Project Member Reported by primiano@chromium.org, Apr 26 2017

Issue description

General problem: some third party libraries we depend on (glibc and friends) do a sequence of fork() -> malloc() -> exec(). This can cause deadlocks (full explanation in  Issue 695643 ) if another thread is in a malloc() at the time of the fork(). 
This is because chromium's tcmalloc doesn't have the atfork handler which was later introduced in tcmalloc [1]. I looked into that and backporting the fix is non-trivial. chromium's tcmalloc is lagging behind and has some other security patches on top, so a backport would be a stability risk. Also, the real problem here is that these libraries shouldn't just do anything else other than an exec() after a fork(). tcmalloc is only one of the many possible problems here, and changing it will not solve the others.

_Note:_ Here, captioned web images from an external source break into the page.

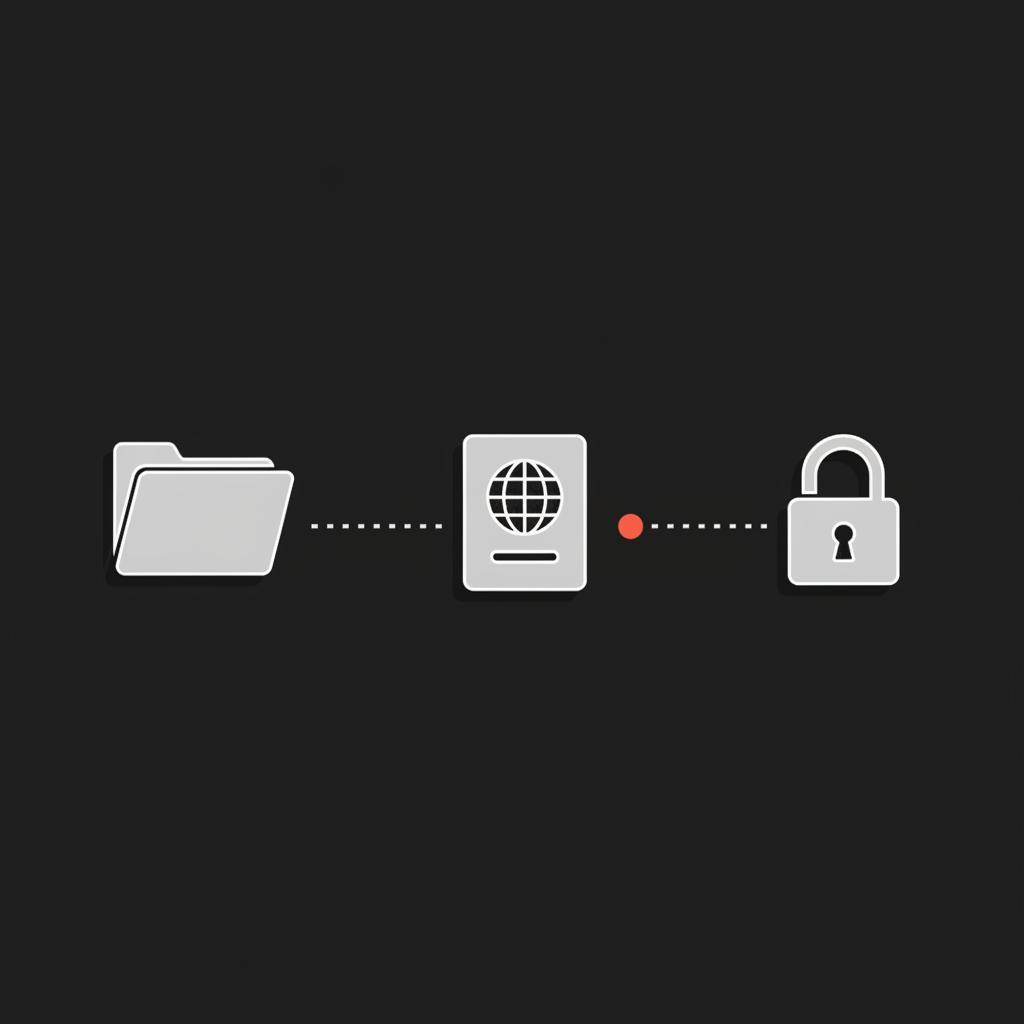 Minimal vector infographic of secure ID upload flow with folder, passport silhouette and lock on black background, article about cost to get verified on Instagram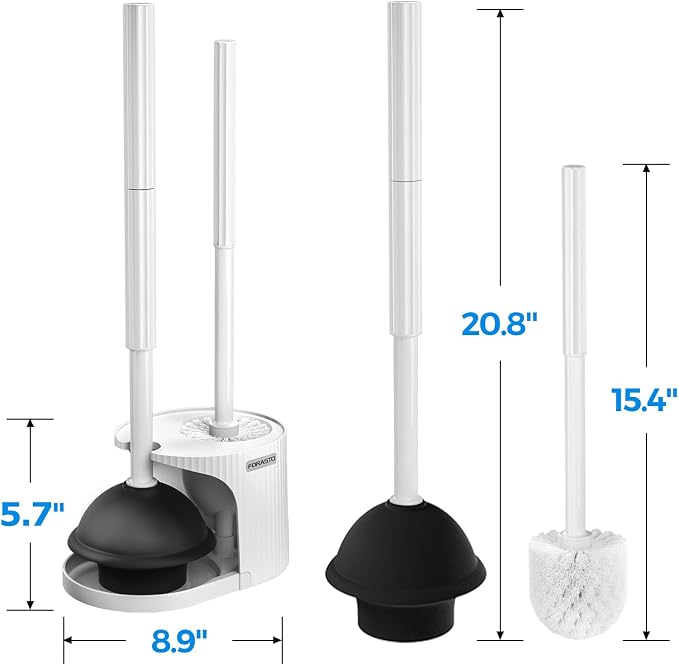 FORASTO 2in1 Toilet Brush & Plunger Set, Bathroom Essentials for Apartment | 21" Extended, Apartment Must Haves, Accessories Decor, Essentials, New Home Storage, Scrubbing Tools, Washing Supplies, White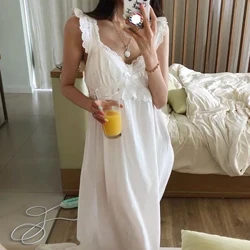 Poletna ženska obleka princese, bele spalne srajce brez rokavov, vintage dekliške spalne srajce, spalne srajce v kraljevskem slogu, pižame, spalna oblačila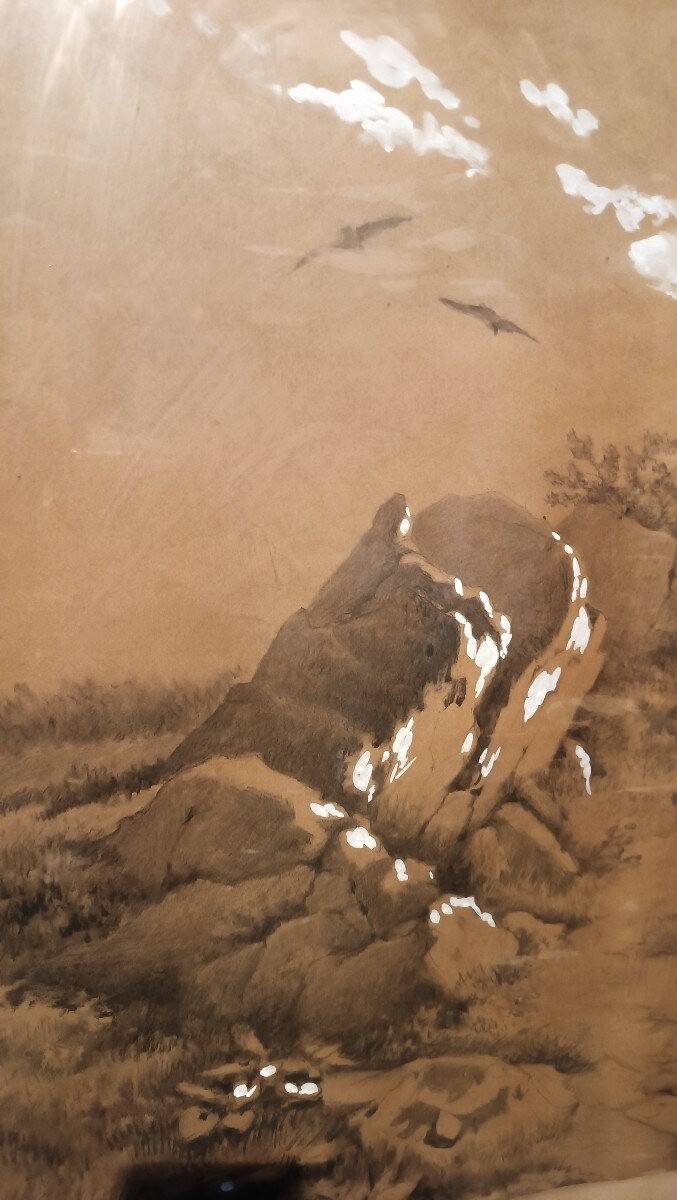 Grande peinture de paysage, techniques mixtes, 19e siècle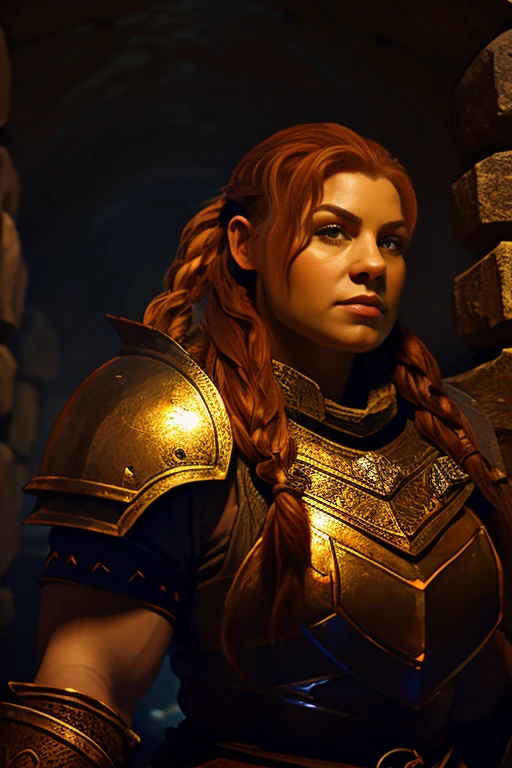 Ginger female dwarven adventurer, in a undeground cavern, dramatic lighting, breastplate,  long braided hair, strong muscled arms, leaning against wall, busty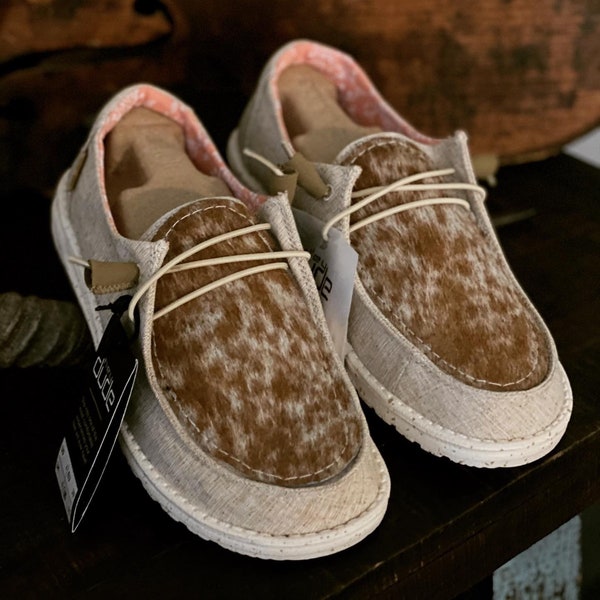PREORDER Cow hide dudes | Cow Hide Hey Dudes, Brown and White Cow Hide Shoes, Custom Hey Dudes, Hey Dudes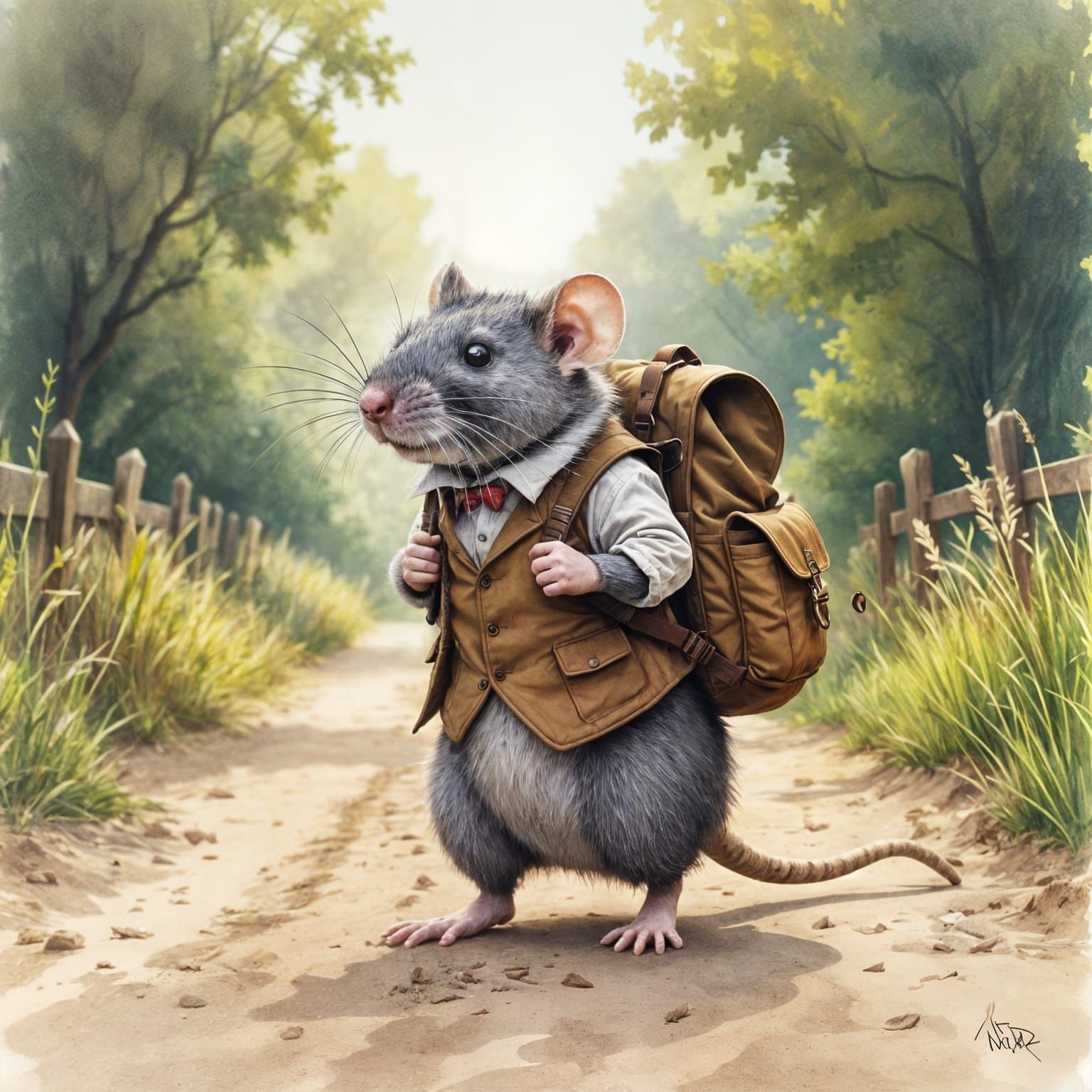 Pip the Rat's Whimsical Journey: Realistic Watercolor Illust...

There is a very specific instance of this problem: dbus. the dbus client library has this annonying feature of auto-launching dbus when it's not there in the desktop session. This happens very frequently in test environment which run under xvfb and don't have a full session manager with dbus.
This struck internal and external developers in a number of occasions, such as:
- Issue 693668
- https://github.com/w3c/web-platform-tests/issues/5406
- https://bugs.chromium.org/p/chromedriver/issues/detail?id=1699

A proposal here is to workaround this specific problem by disabling dbus autolaunch.
My understanding is that dbus is not a hard requirement for chrome, and we can live without it.
If this is the case, let's figure out what is the best way to prevent dbus autolaunch.
I have two proposals, but don't know too much about it to judge the side effects , would appreciate more knowledgeable people to jump in.

Option 1)
if getenv(DBUS_SESSION_BUS_ADDRESS) == ""
  setenv(DBUS_SESSION_BUS_ADDRESS, "/dev/null")
This will effectively disable the autolaunch feature when chrome is invoked outside a desktop session (e.g., if you launch chrome from ssh or a cron job).
There is a potential side effect here: in this case, the dbus auto launch would have first tried to connect to one of the existing sessions under ~/.dbus/ and eventually found one if there was a real desktop session somewhere. forcing the DBUS_SESSION_BUS_ADDRESS to /dev/null will prevent the dbus-launch to early out sooner.

Option 2)
Force a dbus connection in browser_main_loop or somewhere else very early, before we start any other thread. This will kick the auto-launch in a controlled environment when we know that no other thread can be causing a malloc (Because there is no other thread). I don't know if this will prevent any future dbus-launch attempt.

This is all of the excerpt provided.